By John E. Thompson
In February, we reported on U.S. Wage and Hour Division Administrator David Weil‘s comments that the agency is considering whether the federal Fair Labor Standards Act somehow entitles employees to “predictable scheduling.”
His remarks related to whether there is an enforceable right to a stable work schedule and to advance notice of that schedule.
Perhaps not surprisingly, it turns out that his remarks were a harbinger of apparently coordinated efforts to press for legally mandated scheduling requirements.
The campaign begins
It is most unlikely to be coincidence that, following Administrator Weil’s statements:
- There have been multiple news reports of inquiries by New York’s Attorney General into the allegedly “increasingly unpredictable and on-call work schedules” of a number of that state’s retail employers (prior to assuming her current position, the U.S. Labor Department’s Solicitor M. Patricia Smith was New York’s Commissioner of Labor);
- The Economic Policy Institute released a “Briefing Paper” tellingly entitled, Irregular Work Scheduling And Its Consequences, the conclusions and recommendations of which come as no surprise; and,
- A resolution has been introduced in California’s State Assembly saying among other things that “[u]npredictable scheduling practices and last-minute work schedule changes cause workers who are already struggling with low wages to live in a constant state of insecurity about when they will work or how much they will earn on any given day” and advocating that employees in “food and general retail establishments” be “afforded some predictability and dignity in how they are scheduled to work.”
The targeted practices apparently include irregular schedules, on-call periods, call-in requirements, split shifts, rotating shifts, “unstable schedules,” vaguely described “unfair work scheduling,” and so on.
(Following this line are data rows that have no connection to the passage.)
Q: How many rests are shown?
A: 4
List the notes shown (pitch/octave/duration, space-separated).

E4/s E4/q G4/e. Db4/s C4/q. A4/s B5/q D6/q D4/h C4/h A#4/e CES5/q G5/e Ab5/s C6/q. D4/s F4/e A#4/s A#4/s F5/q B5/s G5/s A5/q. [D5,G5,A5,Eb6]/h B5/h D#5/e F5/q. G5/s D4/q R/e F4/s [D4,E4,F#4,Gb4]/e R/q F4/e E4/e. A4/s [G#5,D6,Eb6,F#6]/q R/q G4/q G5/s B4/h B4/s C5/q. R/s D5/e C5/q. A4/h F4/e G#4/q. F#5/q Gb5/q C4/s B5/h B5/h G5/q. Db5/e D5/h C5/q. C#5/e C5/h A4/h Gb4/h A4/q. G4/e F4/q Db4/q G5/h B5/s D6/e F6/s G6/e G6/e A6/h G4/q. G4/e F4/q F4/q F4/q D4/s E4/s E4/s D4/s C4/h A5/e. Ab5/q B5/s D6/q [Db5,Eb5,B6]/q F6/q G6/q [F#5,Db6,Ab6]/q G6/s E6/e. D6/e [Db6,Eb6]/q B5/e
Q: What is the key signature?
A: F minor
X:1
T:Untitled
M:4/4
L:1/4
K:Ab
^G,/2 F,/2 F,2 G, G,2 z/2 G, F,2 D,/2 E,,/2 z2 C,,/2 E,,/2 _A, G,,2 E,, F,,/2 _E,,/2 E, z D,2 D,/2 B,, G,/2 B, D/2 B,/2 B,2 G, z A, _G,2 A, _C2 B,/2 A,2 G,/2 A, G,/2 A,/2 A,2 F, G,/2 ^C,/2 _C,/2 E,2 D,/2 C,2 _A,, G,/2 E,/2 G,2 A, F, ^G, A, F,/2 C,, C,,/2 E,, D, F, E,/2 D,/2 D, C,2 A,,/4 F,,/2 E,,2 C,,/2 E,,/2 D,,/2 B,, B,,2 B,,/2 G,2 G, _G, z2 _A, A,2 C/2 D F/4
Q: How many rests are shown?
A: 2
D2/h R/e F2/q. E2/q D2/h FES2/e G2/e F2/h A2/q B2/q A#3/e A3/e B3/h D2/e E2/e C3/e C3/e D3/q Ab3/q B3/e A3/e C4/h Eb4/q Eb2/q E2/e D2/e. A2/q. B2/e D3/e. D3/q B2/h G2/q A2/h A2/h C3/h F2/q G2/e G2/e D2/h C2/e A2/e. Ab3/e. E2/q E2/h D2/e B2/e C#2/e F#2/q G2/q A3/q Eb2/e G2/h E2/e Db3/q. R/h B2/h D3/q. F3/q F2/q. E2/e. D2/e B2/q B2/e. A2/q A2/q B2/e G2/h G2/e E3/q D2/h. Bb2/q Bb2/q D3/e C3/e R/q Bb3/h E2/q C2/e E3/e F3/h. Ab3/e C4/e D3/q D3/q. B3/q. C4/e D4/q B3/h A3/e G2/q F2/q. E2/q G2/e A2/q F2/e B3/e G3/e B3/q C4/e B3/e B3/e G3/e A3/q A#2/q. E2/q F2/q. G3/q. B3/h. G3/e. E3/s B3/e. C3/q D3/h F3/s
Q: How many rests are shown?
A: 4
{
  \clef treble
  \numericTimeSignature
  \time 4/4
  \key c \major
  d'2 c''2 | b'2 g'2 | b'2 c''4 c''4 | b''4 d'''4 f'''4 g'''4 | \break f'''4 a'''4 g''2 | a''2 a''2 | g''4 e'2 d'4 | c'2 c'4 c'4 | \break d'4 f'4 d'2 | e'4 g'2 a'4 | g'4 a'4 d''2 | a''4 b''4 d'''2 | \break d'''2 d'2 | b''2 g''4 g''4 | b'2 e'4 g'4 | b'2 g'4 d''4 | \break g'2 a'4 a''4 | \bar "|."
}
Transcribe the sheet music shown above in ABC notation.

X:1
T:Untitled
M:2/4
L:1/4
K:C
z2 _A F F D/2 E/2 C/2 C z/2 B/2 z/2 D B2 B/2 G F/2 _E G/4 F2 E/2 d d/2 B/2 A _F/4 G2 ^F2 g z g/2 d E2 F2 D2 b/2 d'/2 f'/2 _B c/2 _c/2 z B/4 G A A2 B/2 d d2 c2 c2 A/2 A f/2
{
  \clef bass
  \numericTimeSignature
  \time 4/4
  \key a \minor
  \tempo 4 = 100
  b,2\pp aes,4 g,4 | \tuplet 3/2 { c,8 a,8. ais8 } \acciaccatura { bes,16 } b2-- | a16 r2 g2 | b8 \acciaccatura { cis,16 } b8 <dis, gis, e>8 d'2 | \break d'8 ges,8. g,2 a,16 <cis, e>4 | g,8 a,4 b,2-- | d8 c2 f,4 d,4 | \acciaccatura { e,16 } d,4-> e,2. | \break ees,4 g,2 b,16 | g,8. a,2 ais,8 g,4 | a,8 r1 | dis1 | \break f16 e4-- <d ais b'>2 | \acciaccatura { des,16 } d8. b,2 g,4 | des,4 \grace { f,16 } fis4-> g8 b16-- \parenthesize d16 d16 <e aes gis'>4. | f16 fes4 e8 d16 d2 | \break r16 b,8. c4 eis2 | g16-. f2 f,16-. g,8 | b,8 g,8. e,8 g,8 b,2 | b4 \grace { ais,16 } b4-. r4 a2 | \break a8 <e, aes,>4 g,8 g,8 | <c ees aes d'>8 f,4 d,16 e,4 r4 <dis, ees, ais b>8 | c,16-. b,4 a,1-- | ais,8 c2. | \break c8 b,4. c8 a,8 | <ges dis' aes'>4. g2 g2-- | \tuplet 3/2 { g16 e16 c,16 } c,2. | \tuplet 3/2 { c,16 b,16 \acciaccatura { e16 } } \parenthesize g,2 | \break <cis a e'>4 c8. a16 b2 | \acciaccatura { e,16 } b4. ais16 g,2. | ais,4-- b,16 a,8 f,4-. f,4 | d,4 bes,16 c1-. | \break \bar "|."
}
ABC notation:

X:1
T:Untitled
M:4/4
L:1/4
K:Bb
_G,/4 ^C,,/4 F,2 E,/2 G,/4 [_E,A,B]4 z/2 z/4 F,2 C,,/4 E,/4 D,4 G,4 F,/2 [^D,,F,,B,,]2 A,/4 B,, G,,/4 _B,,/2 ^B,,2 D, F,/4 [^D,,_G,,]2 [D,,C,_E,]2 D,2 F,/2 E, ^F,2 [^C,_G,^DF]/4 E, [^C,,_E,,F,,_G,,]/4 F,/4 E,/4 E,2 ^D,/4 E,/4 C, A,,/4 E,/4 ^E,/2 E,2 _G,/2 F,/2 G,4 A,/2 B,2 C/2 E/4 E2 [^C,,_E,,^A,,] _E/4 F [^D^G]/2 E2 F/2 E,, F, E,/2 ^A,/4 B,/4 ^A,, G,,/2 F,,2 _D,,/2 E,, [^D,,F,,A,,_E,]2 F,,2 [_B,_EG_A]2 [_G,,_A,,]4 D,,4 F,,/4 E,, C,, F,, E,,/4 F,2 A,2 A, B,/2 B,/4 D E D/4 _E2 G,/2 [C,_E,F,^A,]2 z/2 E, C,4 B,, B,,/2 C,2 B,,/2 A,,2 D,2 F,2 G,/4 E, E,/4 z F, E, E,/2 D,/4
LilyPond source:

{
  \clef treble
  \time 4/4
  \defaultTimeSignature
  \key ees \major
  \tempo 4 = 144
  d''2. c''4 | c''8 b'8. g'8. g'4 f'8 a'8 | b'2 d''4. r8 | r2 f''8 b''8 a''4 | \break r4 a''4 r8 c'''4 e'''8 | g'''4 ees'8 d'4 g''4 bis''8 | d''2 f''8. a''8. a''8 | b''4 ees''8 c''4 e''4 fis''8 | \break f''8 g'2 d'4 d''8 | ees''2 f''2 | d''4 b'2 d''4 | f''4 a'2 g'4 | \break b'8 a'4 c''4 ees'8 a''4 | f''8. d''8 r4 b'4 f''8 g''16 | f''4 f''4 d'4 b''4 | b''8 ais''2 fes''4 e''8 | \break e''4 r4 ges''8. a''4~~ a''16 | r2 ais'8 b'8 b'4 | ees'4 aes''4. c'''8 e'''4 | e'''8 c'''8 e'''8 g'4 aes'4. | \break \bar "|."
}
The Economic Policy Institute (EPI) contends that approaches like these generate work-family conflict and increase work-related stress.
Retailing and food-service seem to be drawing the most attention at the moment. But EPI also lists “business/repair services, entertainment/recreation, [and] finance/insurance/real estate” as being among the industries in which it believes undesirable scheduling practices to be widespread.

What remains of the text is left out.